Synthetic computed tomography: An artificial contrast for magnetic resonance imaging

Abstract

The musculoskeletal (MSK) system provides support, stability and movement to the body. Disorders to the MSK system cause pain and stiffness, and can debilitate anatomical regions, hinder movement, or result in disability. As such, they are among the leading cause of activity limitation and absence from work and result in a major medical burden and economic cost. Treatment and recommendations for diseases affecting the MSK system are very dependent on the type of disorder, the involvement of the affected soft tissues and bones, and the progression of the disease. In this context, medical imaging is crucial to localize a disorder, assess the stage of disease progression, support a diagnosis, or plan a treatment. For a comprehensive assessment and treatment planning of MSK pathologies, acquisition of both magnetic resonance imaging (MRI) and computed tomography (CT) is warranted, which is logistically complex and constitutes a high patient burden. This work discusses the use of synthetic CT (sCT), a deep learning-enabled CT-like image generated from MR images, as a CT surrogate.
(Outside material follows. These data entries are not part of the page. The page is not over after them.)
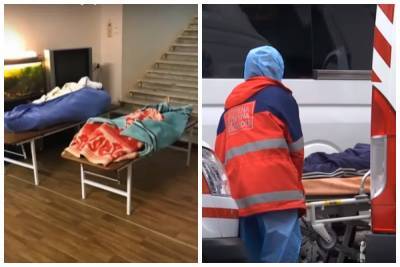 Скандал вспыхнул в "вирусной" больнице, усопшие лежат рядом с живыми: фото и видео - politeka.net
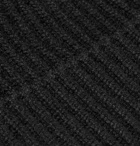 Lock & Co Hatters - Ribbed Cashmere Beanie - Black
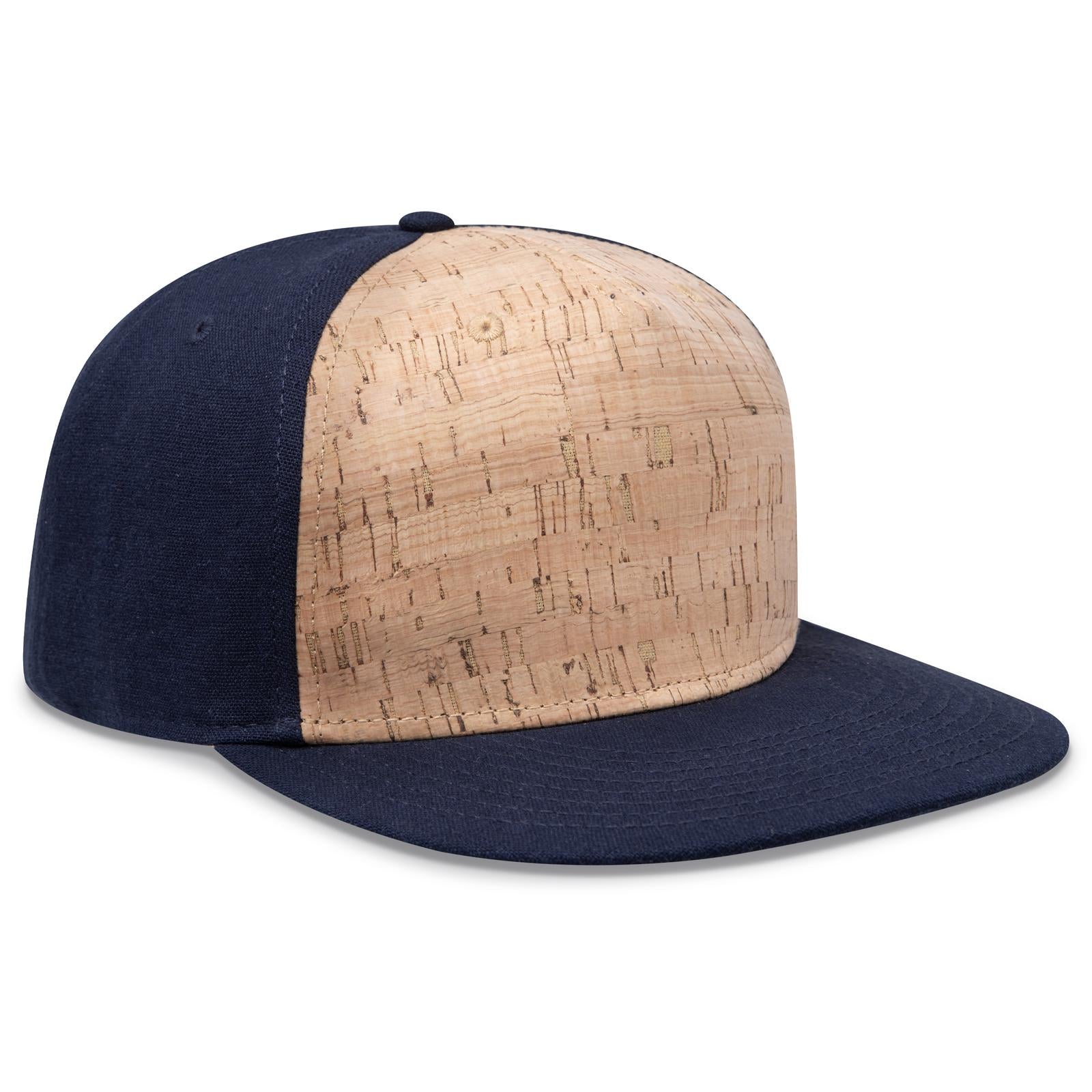 Right View of 0411204 - Nvy/Cork/Nvy OTTO CAP "OTTO SNAP" 5 Panel Pro Style Snapback Hat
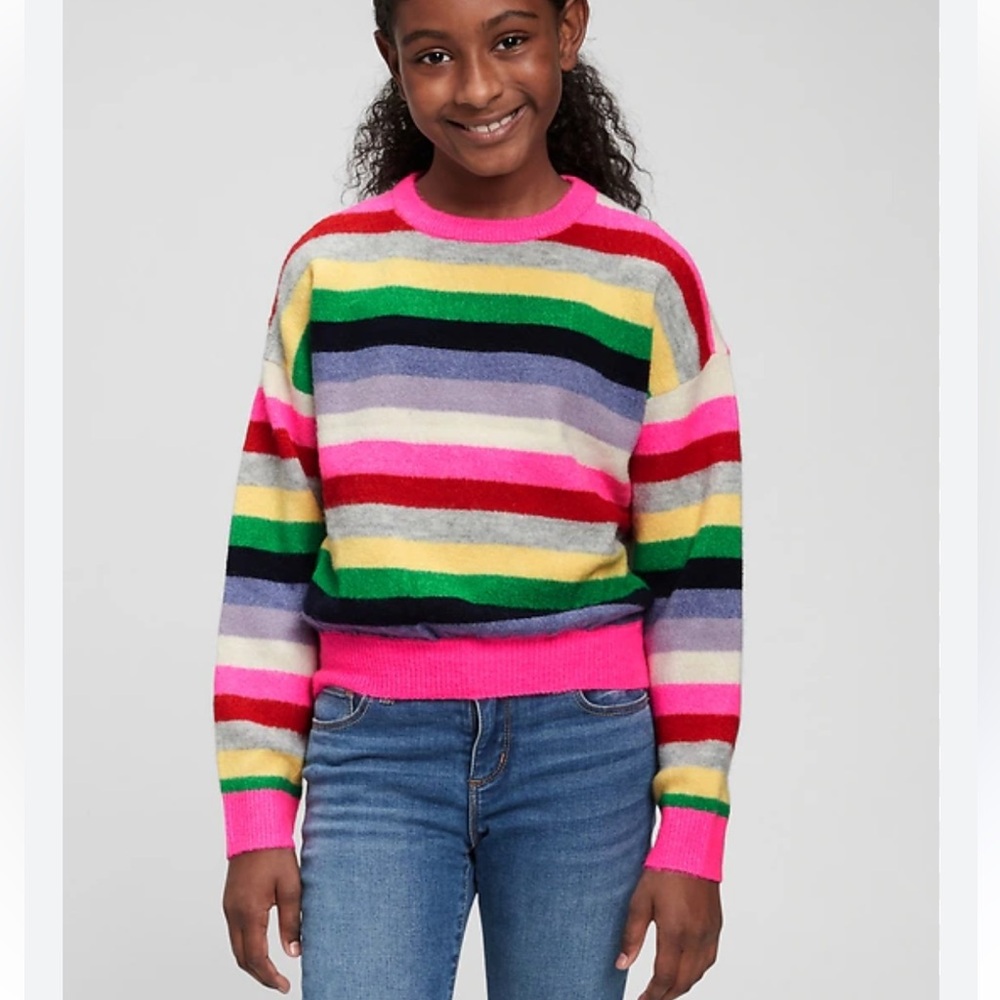 GAP girls striped sweater Large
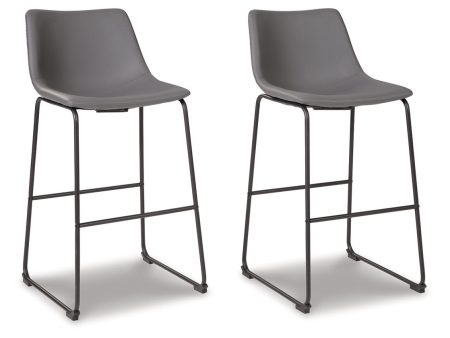 Centiar Gray Pub Height Barstool, Set of 2 Online Hot Sale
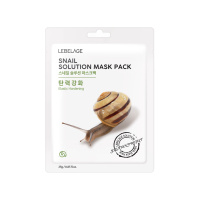 Lebelage Тканевая маска для лица Snail Solution с муцином улитки 25 г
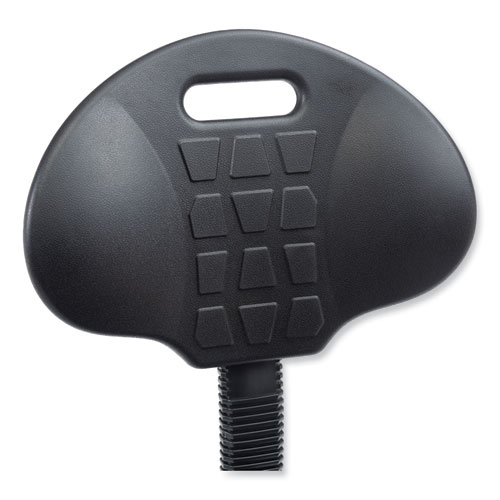 Picture of 6700 Series Adjustable Height Polyurethane Task Stool, Supports Up to 300 lb, 22" to 32" Seat Height, Black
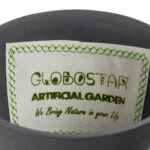 GloboStar® Artificial Garden AIGINA 20466 Κρεμαστό Πήλινο Κεραμικό Κασπώ Γλάστρα – Flower Pot Μαύρο Φ13cm x Υ15cm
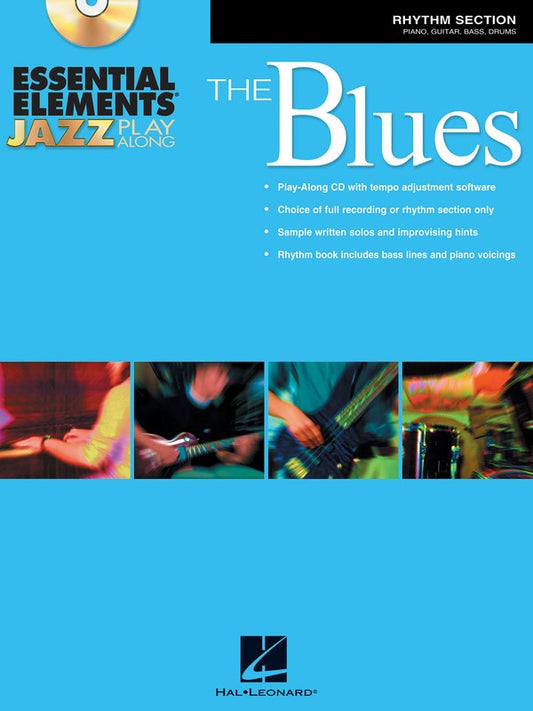 Essential Elements Blues Jazz Play Along Rhythm Book/Cd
Synthetic CT has been thoroughly investigated, from the acquisition and processing of the original MRI data to its clinical application, with a focus on orthopaedic care. Synthetic CT has been found acceptable for bone visualization, simultaneously providing valuable information on soft tissues via the original MR acquisition. This paves the way to a purely MRI-based workflow with simplified logistics and radiation-free acquisition, and opens up new perspectives for diagnosis, treatment planning and disease understanding.